What this task involves:
Nothing but the lines from the one containing "水培植物玻璃瓶透明直圆柱形花瓶简单Pothos花盆白色棕榈水箱容器" through the end of the data should be retyped, exactly as they stand, and pictures should not be retyped.

Supplied material:

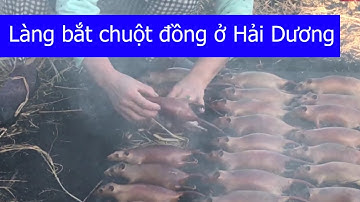 Ghé thăm làng bắt chuột đồng ở Hải Dương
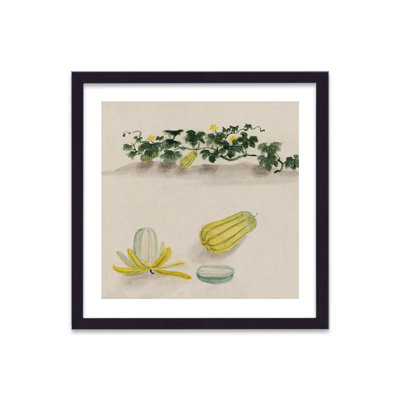 Vintage Japanese Vegetable Squash2 by Vouvart - Single Picture Frame Print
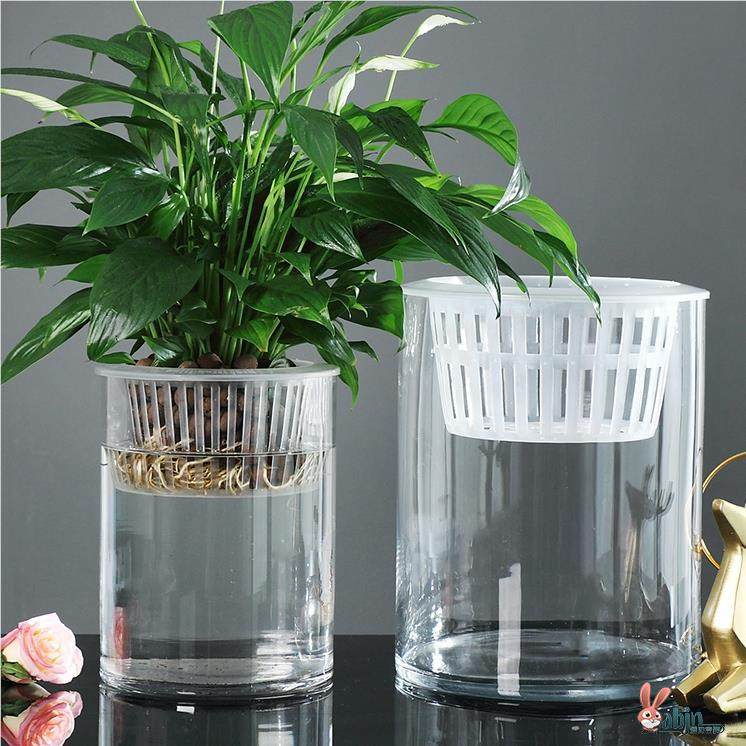 水培植物玻璃瓶透明直圆柱形花瓶简单Pothos花盆白色棕榈水箱容器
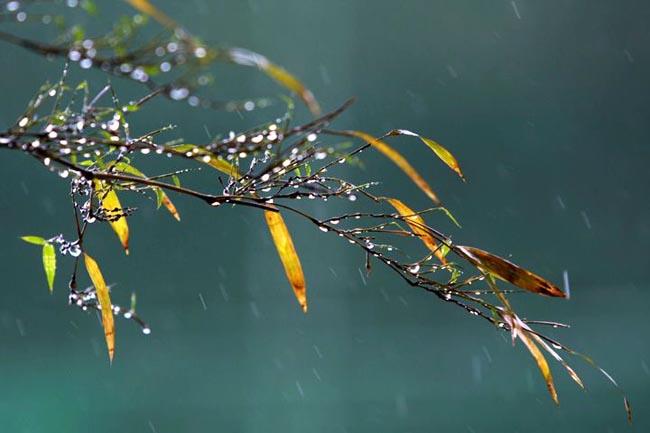 【任焕红说】一层秋雨一层凉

Response area:
 水培植物玻璃瓶透明直圆柱形花瓶简单Pothos花盆白色棕榈水箱容器
 【任焕红说】一层秋雨一层凉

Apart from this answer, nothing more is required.